In 2002, The Ed Sullivan Show was ranked #15 on TV Guide's 50 Greatest TV Shows of All Time. In 2013, the series finished No. 31 in TV Guide Magazine's 60 Best Series of All Time.
From 1948 until its cancellation in 1971, the show ran on CBS every Sunday night from 8–9 p.m. E.T., and is one of the few entertainment shows to have run in the same weekly time slot on the same network for more than two decades. (During its first season, it ran from 9 to 10 p.m. E.T.) Virtually every type of entertainment appeared on the show; opera singers, popular artists, songwriters, comedians, ballet dancers, dramatic actors performing monologues from plays, and circus acts were regularly featured. The format was essentially the same as vaudeville, and although vaudeville had died a generation earlier, Sullivan presented many ex-vaudevillians on his show.
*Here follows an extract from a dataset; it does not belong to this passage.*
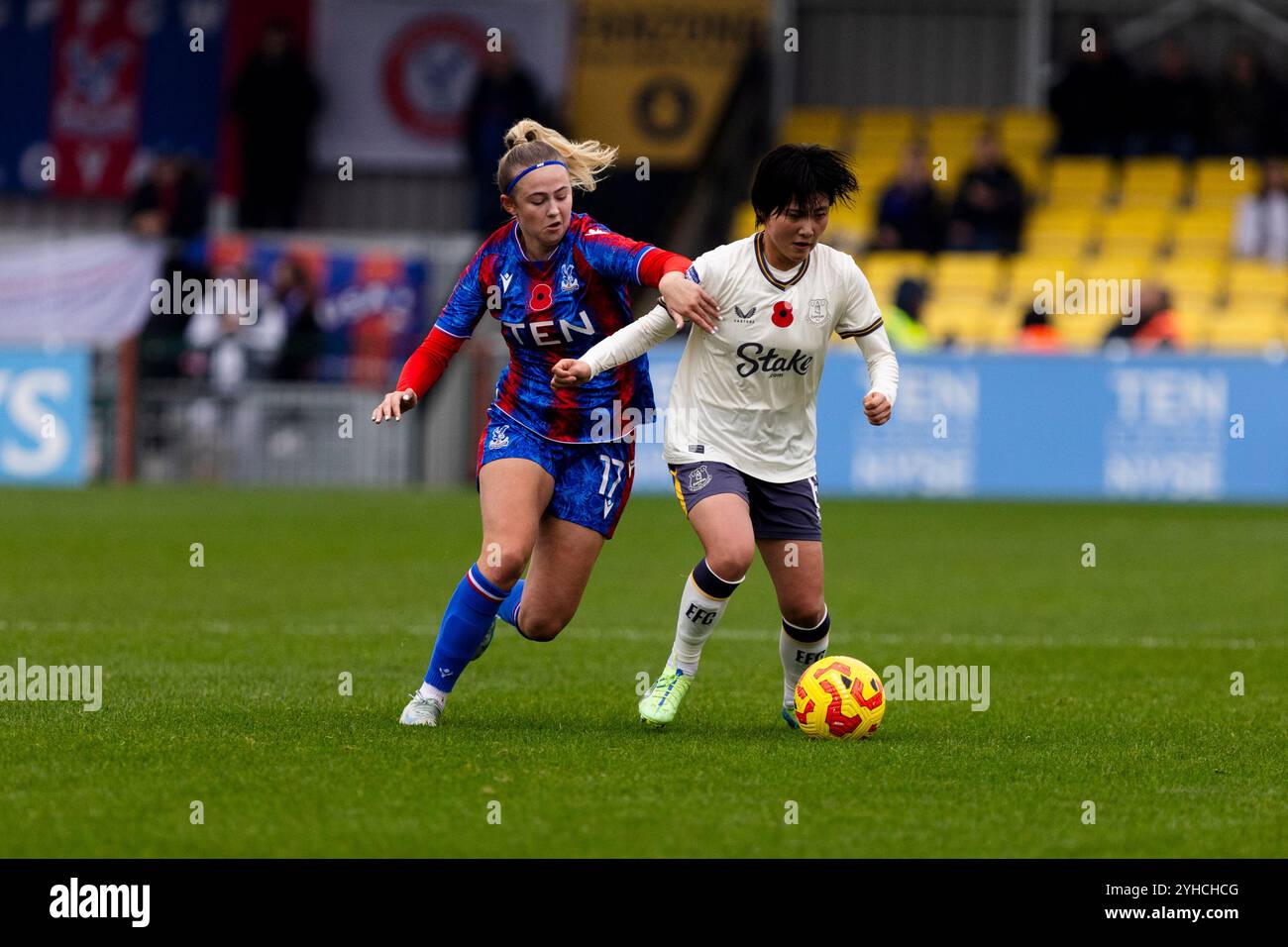 Lexi Potter del Crystal Palace e Honoka Hayashi centrocampista dell'Everton durante la partita di Barclays Women's Super League tra Crystal Palace e Everton AT Foto Stock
Originally co-created and produced by Marlo Lewis, the show was first titled Toast of the Town, but was widely referred to as The Ed Sullivan Show for years before September 25, 1955, when that became its official name. In the show's June 20, 1948 debut, Dean Martin and Jerry Lewis performed along with singer Monica Lewis and Broadway composers Richard Rodgers and Oscar Hammerstein II previewing the score to their then-new show South Pacific, which opened on Broadway in 1949.